Rather than having a huge cluster with a gazillion domains on it, just have a number of smaller servers, when you register a domain the control panel automatically assigns you to the latest dns servers.
That way you don't need to run complicated software and the zones don't take an age to load etc etc. When you do have an issue its isolated to a subset of all the domains registered with you rather than every domain. You can limit how many domains are on any one set of servers and upgrade them if the performance starts to take a hit. If you plan your capacity this should never happen.
The down side, a few more servers to run. Up side common kit, common components easy hardware fixes.
On the subject of using other dns servers as a backup, this would be a good option but reg-123 like many reg-123 won't allow you to do this automatically as they have disabled zone transfers and there is no option to enable it.
I guess you could manually update both but that would lead to a situation where at best your dns looks (even if it isn't) out of synch.
I migrated all my domains from reg-123 a while ago once pipex took over and it started going down hill, there was just one too many cockups so I bit the bullet and moved elsewhere (domainmonster.com as it happens).
As for "Whine Whine, Whinge Whinge" By Graham Wood you say you haven't been affected, of course not as you state you run your own dns servers so it would not affect you.
Unfortunately not everyone is as lucky or perhaps didn't realise the importance of dns servers. Perhaps this is a wake up call for many. Its pointless spending thousands on your web site and advertising and then losing your business for the sake of a few pounds spent on some decent dns servers run by a company who provides reasonable support, monitors its kit correctly and can fix things in a reasonable time frame.
A few pointers for anyone looking for a new dns provider.
Ensure they have at least 2 dns servers, preferably 3. At least one should be in a different location/data center. Ensure the dns servers are in the country you expect, many so called uk providers are actually hosted in the US which means slower lookups and more chance of problems due to network issues.

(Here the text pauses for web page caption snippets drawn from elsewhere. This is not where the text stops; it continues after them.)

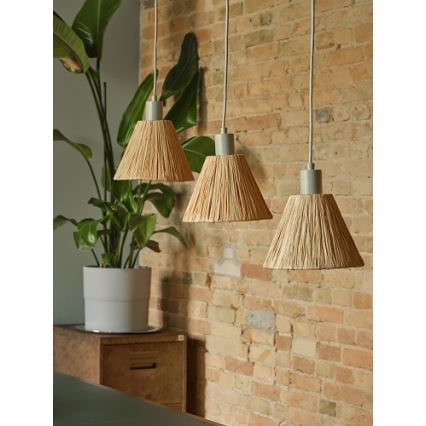 Ledvance - Hanglamp aan een koord DECOR RAFFIA 3xE27/15W/230V raffia bast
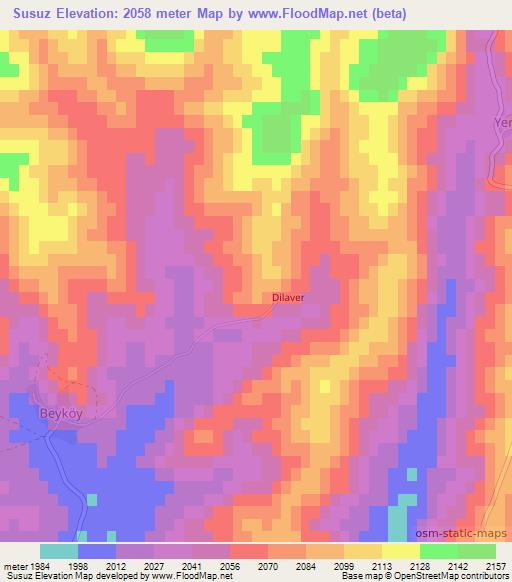 Susuz,Turkey Elevation Map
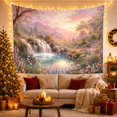 thumbnail image 3 of Pink Blossoms and Waterfall in a Dreamy Forest, Serene Watercolor for Nature Lovers, Botanical Art Decor, Birthday Gift Tapestry Wall Hanging for Bedroom and Living Room, 3 of 7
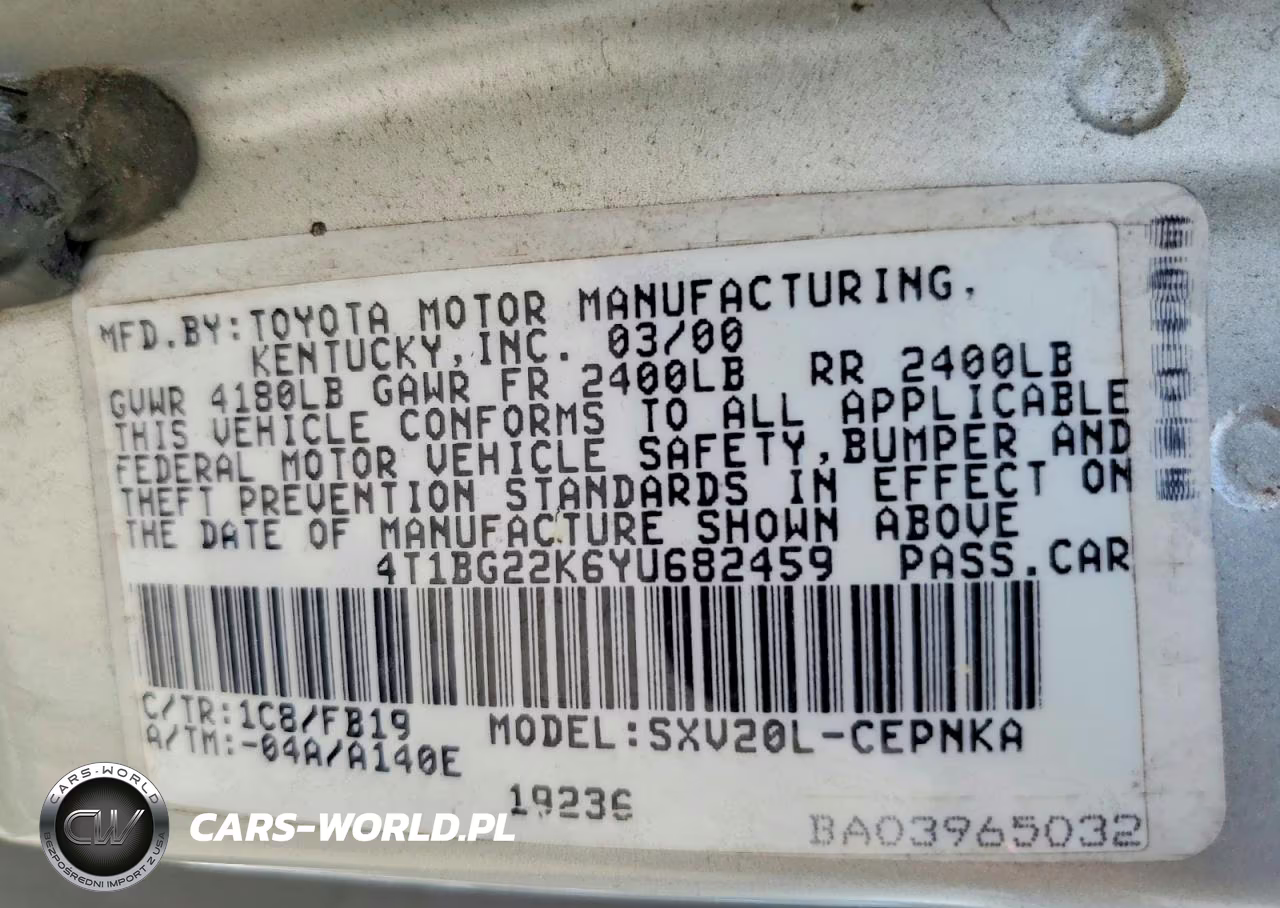 2000 Toyota Camry Le VIN:4T1BG22K6YU682459 - 12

If you are also using them as a registrar also check if it costs to transfer away in the event they don't work out and make sure this can be done automatically via a control panel without their intervention. If its costs money or you can't do it online yourself then avoid them.
Finally check your dns by using someone like dnsreport.com whenever you change it to make sure its working correctly. We regularly get customers querying alerts we send them and when we check their dns setup we generally find it is not totally valid. The most common mistake is different name servers specified at the root servers to those in their own name server records.